GWは皆で時間を繰り合わせ、ある一日に集う。
精神の深みに魅せられた個々なる魂が、その過程で出会う秘密の場所。この世にありながら、この世に存在しない、その瞬間だけに立ち現れた彼岸の時間。あちら側で逢おうは言葉にされない合い言葉、符牒。今日はどんな姿の俺そしてお前が現れるか。高らかに誇れ、この集いそしてお前の存在を。

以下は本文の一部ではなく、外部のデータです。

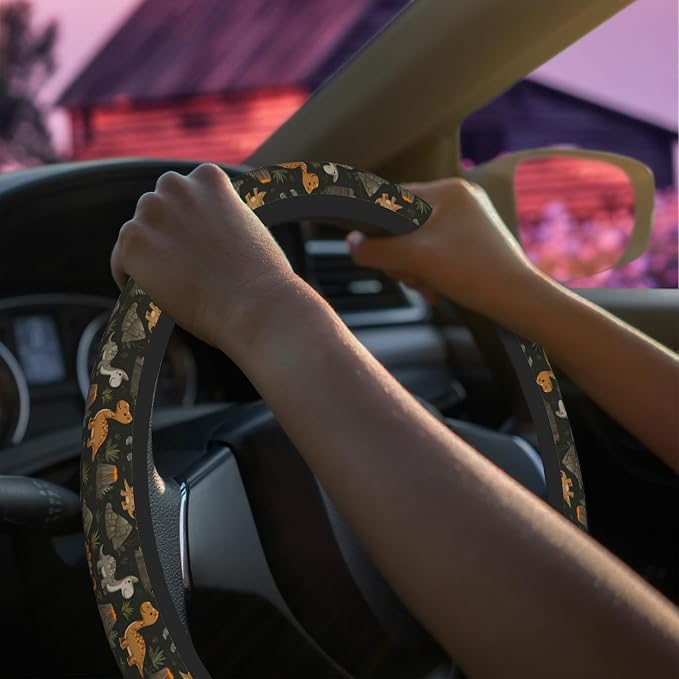Cartoon Dinosaur Volcano Steering Wheel Cover for Women Men Neoprene Breathable Wheel Cover Protector Anti-Slip Car Accessories Universal 15 Inch Fit for Cars Trucks Vehicles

夕日が沈み、闇が訪れる。キャンプが急いで立てられる。音響が準備される。テントが立つが、音は出ない。最良の音響を狙ってセッティングされる。発電機が落ちる。ウーハーのワット数が大きすぎる。音と現実の葛藤。セッティング終了、そして全ての準備が整い今日の一日をねぎらって、乾杯。 焚火が燃え上がる。
最初のDJがそろそろと音を漂わせる。夜は沈黙によって深められる。神の果肉が供されて、皆の意識を痺れさせる。音楽に合わせて全身が伸長する。全身が電気で貫かれ神の叡智に想いを馳せる。
Sharmanic Hyperspaceの現出。トライバルなドラムで強化される劇場。その音を聴きながらモニターを必死で睨めつけて選曲しミキサーにドロップする。mixはmagic[k]、リアリティを縦横無尽に接続させる。空間が歪む。聖なる旋律が天上から降り注ぐ。
夜の深い闇から己の心をのぞき見る。毎日の自分の姿、そして何でもないまっさらの自分。グノーシス。それを全身に味わう。
時間は存在しない。既に記憶は失われた。ただいまを全身を龍のようにのたうつ。恍惚。
全身を伸ばす。心地よい呼吸とともに東の空が深い碧に変わってゆく。朝の訪れ。周囲を散歩してみる。緑がとても近く感じる。顔のない友人のように想う。
太陽が上がるとともにまた友人が現れる。遅れを取り戻すように踊る踊る。みんなもつられて笑う。踊る
。
皆の想いと叫び、歓喜、そして叶えられなかった想いが交差する。全身を開放せよ。太陽讃歌。
新しい縁がまた生まれ、無数に可能性を広げてゆく現実の裏側を結ぶ。その紐を手繰り寄せよ。神もなく、ただ自分の善きイメージのなかで祈れ。あらゆる可能性に賭けろ。光あれ。現実のみならず霊的に自由であれ。